BCM Restaurant, BukaLEONARD FONG ROKA

LUKE Maneu of Siwai in south Bougainville successfully operated a retail outlet in Buka Town from 2009 until 2011, when the Asian influx and affected his operations leading him to venture into other businesses including operating a PMV service and a guesthouse.

“Bougainville is such a small place that needs us, the indigenous people, to be in charge of development in terms of business and other economic activities,” Luke told me.

“The ABG and our MPs in the national government should be the ones pushing the laws and systems to create an environment conducive for the localisation of all cottage industries.

“With the Asian entry into Buka Town,” he added, “my business was harmed along with other businesses owned by fellow Bougainvilleans. Customers left us for the cheaper Asian goods.

“Our shops are said to be expensive because we do not have an entrepreneurial or business culture.

“Thus we are learners who need time and government input to make things right for our services to the Bougainvillean public,” Luke said.

“‘I am moving into other areas to save myself from succumbing to the Asian takeover. I am safe for the time being.”

To Bougainvillean businesses time is not with us. Soon we will see more Bougainvillean businesses leaving the scene because they cannot stand the might of all these Asian operations.’

After talking with Luke, I visited a few other Bougainvillean business houses - Wedelyne, JN Trading, TM Trading, Haput Clothing, Maia Clothing and Evokong. They all shared the same fear.

Asian operations are competing aggressively and taking over business activities they have been involved in.

“We heard that the ABG was inviting Asians to work in multi-million kina impact projects like the Torokina oil palm,” Chris Haput of Haput Clothing told me.

“But we were amazed to see them setting up tiny retail booths everywhere.

“From one or two booths they spread all over Buka Town, grabbing and renting large buildings from Buka people.”

Haput Clothing operates next to one of the many Asian BCM Trading retail outlets legally owned by a Siwai lady, Mary Lyn, who is a second wife of a Chinese named Lyn.

“Mary Lyn is our neighbour and best friend,” said Nathan Haliken of JN Trading. “She knows Asians wants to make money in Bougainville and, despite being the legal director, she has not much power over the BCM trading retail outlets spreading around Buka Town.”

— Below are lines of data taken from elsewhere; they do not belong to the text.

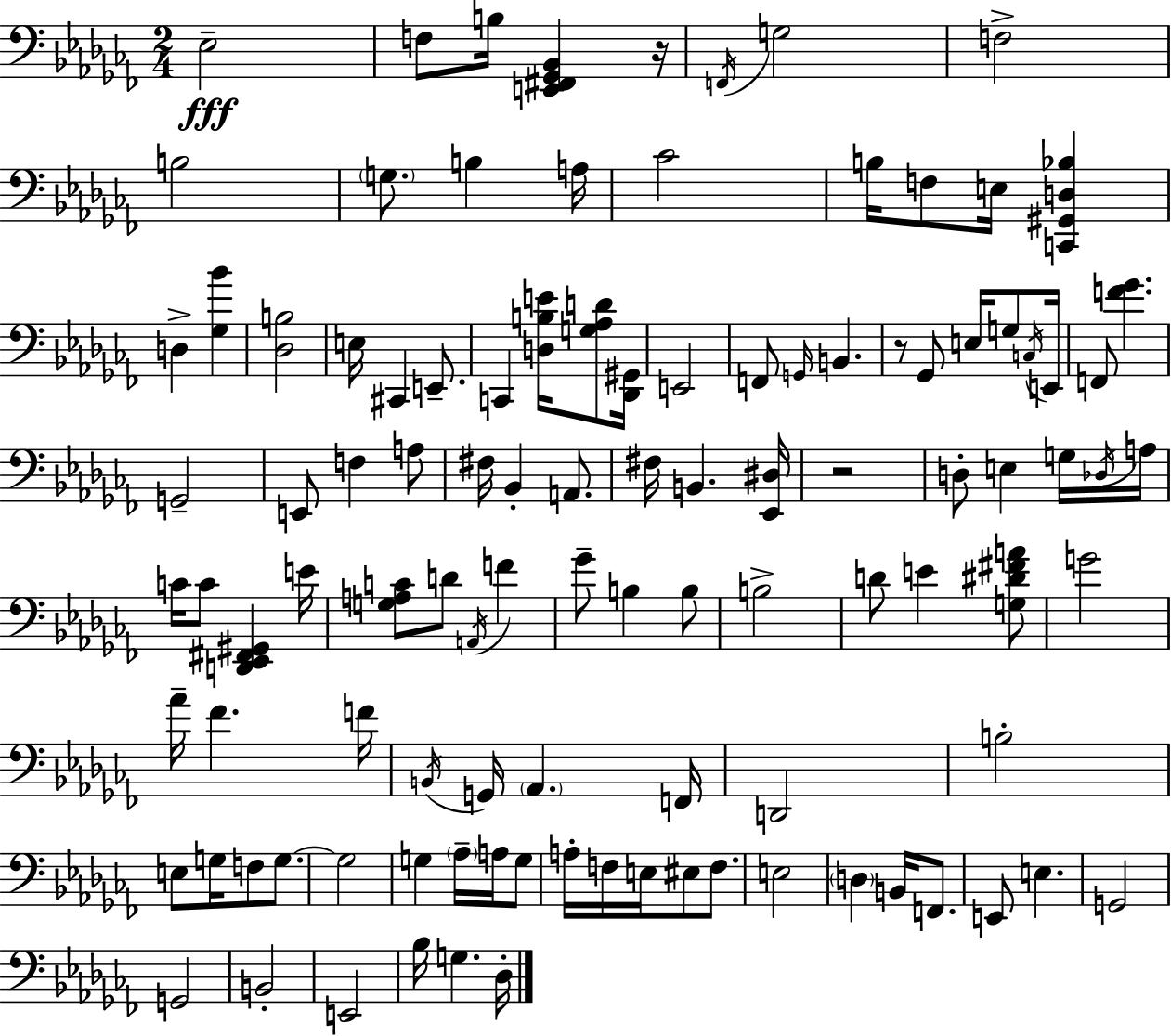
{
  \clef bass
  \numericTimeSignature
  \time 2/4
  \key aes \minor
  \repeat volta 2 { ees2--\fff | f8 b16 <e, fis, ges, bes,>4 r16 | \acciaccatura { f,16 } g2 | f2-> | \break b2 | \parenthesize g8. b4 | a16 ces'2 | b16 f8 e16 <c, gis, d bes>4 | \break d4-> <ges bes'>4 | <des b>2 | e16 cis,4 e,8.-- | c,4 <d b e'>16 <g aes d'>8 | \break <des, gis,>16 e,2 | f,8 \grace { g,16 } b,4. | r8 ges,8 e16 g8 | \acciaccatura { c16 } e,16 f,8 <f' ges'>4. | \break g,2-- | e,8 f4 | a8 fis16 bes,4-. | a,8. fis16 b,4. | \break <ees, dis>16 r2 | d8-. e4 | g16 \acciaccatura { des16 } a16 c'16 c'8 <d, ees, fis, gis,>4 | e'16 <g a c'>8 d'8 | \break \acciaccatura { a,16 } f'4 ges'8-- b4 | b8 b2-> | d'8 e'4 | <g dis' fis' a'>8 g'2 | \break aes'16-- fes'4. | f'16 \acciaccatura { b,16 } g,16 \parenthesize aes,4. | f,16 d,2 | b2-. | \break e8 | g16 f8 g8.~~ g2 | g4 | \parenthesize aes16-- a16 g8 a16-. f16 | \break e16 eis8 f8. e2 | \parenthesize d4 | b,16 f,8. e,8 | e4. g,2 | \break g,2 | b,2-. | e,2 | bes16 g4. | \break des16-. } \bar "|."
}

Evokong and Maia Clothing, both originally from Kieta, have a business presence in Buka and Arawa and admitted their operations in Buka Town had shrunk in terms of daily takings in the face of cheaper goods offered by the Asian business operations.

Wedelyne, a local Buka business, were emulating Luke Maneu’s survival strategy and had ventured into PMV and taxi services and a retail outlet.

Many Bougainvillean businesses, whether owned by Buka islanders or Bougainville mainlanders, feel operating in Buka is not worth it and are starting to move to the mainland.

Here, Asians were invited but, if seen to be going off-track, they were kicked out.

At Toniva near Kieta, Asian businesses have already faced a first wave of attacks by locals and reports suggest there may be worse to follow.

Last weekend Asians in Buka Town, warned that certain businesses were targeted for attack by disgruntling locals, organised for police surveillance at BCM Trading.

The story around town is that the Buka Police has been penetrated by Asian tycoons.

Anti-Asian feeling is growing amongst Bougainvillean business houses and ordinary people in Buka. Time will tell us the next move.